Qui dirige l’Iran ?

Contrairement aux idées reçues qui résument parfois le pays à un « régime des mollahs », le système institutionnel de l’Iran est complexe. Comme partout ailleurs dans le monde, plusieurs structures de pouvoir collaborent ou entrent en concurrence les unes avec les autres.

Une théocratie ?

Plusieurs pôles de pouvoir coexistent en République islamique d’Iran : les pouvoirs exécutif et législatif sont ainsi partagés entre le Parlement, le président et le Guide de la Révolution. Parmi les trois, c’est toutefois bien ce dernier, plus couramment appelé « Guide suprême » en France, qui est la clef de voûte du régime. En plus d’être le chef des armées, il est la véritable autorité décisionnaire lorsque les intérêts fondamentaux de la nation sont en jeu (telle la politique nucléaire) et contrôle l’ensemble des autres organes. En effet, l’Iran est régi selon le principe du « gouvernement du docte » (velayat-e faqih en persan) : seuls les religieux ont la légitimité requise pour diriger le pays.

© Nicolas Lepoutre.

Pour autant, on ne peut considérer l’Iran comme une pure théocratie. En effet, toutes les institutions ne s’appuient pas sur une légitimité religieuse (en vert sur le schéma ci-dessus). Certaines, comme le président, détiennent plutôt une légitimité électorale (en bleu sur le schéma) ou combinent les deux, telle l’Assemblée des experts. Le suffrage universel joue donc un rôle important en Iran. En ce sens, l’article 1er de la Constitution iranienne de 1979 marque bien la dualité du régime puisque la forme de gouvernement du pays y est justifiée à la fois par une référence aux principes coraniques et par le résultat du référendum organisé en mars 1979, au lendemain de la révolution.

Des élections très contrôlées

Même s’il n’existe pas de partis politiques à proprement parler et que les différentes factions en compétition sont souvent peu lisibles pour les observateurs occidentaux, les élections législatives ou l’élection présidentielle iranienne voient s’affronter des candidats au programme varié (y compris au sein du groupe des « conservateurs » ou des « modérés »). Le pays peut ainsi connaître des formes d’alternance politique : à l’ultraconservateur Mahmoud Ahmadinejad succède par exemple le modéré Hassan Rohani comme président en 2013. La vie politique iranienne est encore renforcée par le fait que les différents pôles de pouvoir ne sont pas forcément alignés : le président modéré actuel doit ainsi composer avec un Parlement très largement dominé par les conservateurs depuis 2020.

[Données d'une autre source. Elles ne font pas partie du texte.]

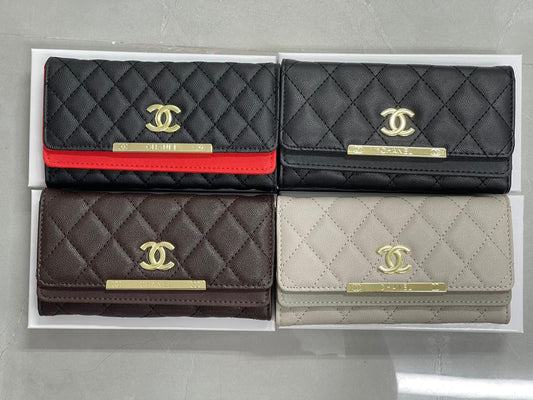Premium Designer Trifold Wallet For Ladies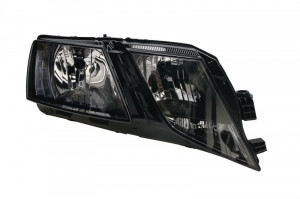 Far Dreapta (H7/H7/LED, electric, cu motor) potrivit SKODA OCTAVIA III - Img 1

Si le droit de vote des Iraniens et des Iraniennes n’est pas purement formel, le régime ne peut toutefois pas être qualifié de démocratique. Au-delà même du rôle du Guide de la révolution, il faut souligner que les élections ne sont pas libres. Les candidats sont en effet sélectionnés au préalable par le Conseil des gardiens de la constitution qui vérifie la conformité de toutes les candidatures (cf. schéma) : seuls des partisans du régime peuvent se présenter. Ainsi, 55 % des candidatures pour les élections législatives de 2020 ont-elles été disqualifiées, réduisant considérablement l’ouverture du jeu politique.

De surcroît, le résultat des élections ne semble pas toujours respecté, comme en témoignent en 2009 la réélection très contestée de Mahmoud Ahmadinejad, puis la violente répression du « mouvement vert » (nom donné aux manifestations contre la fraude électorale). La peur d’une militarisation du régime est encore renforcée par le poids majeur du corps des Gardiens de la Révolution islamique (aussi appelés pasdaran), armée d’élite du régime, dans le domaine militaire mais aussi politique et économique.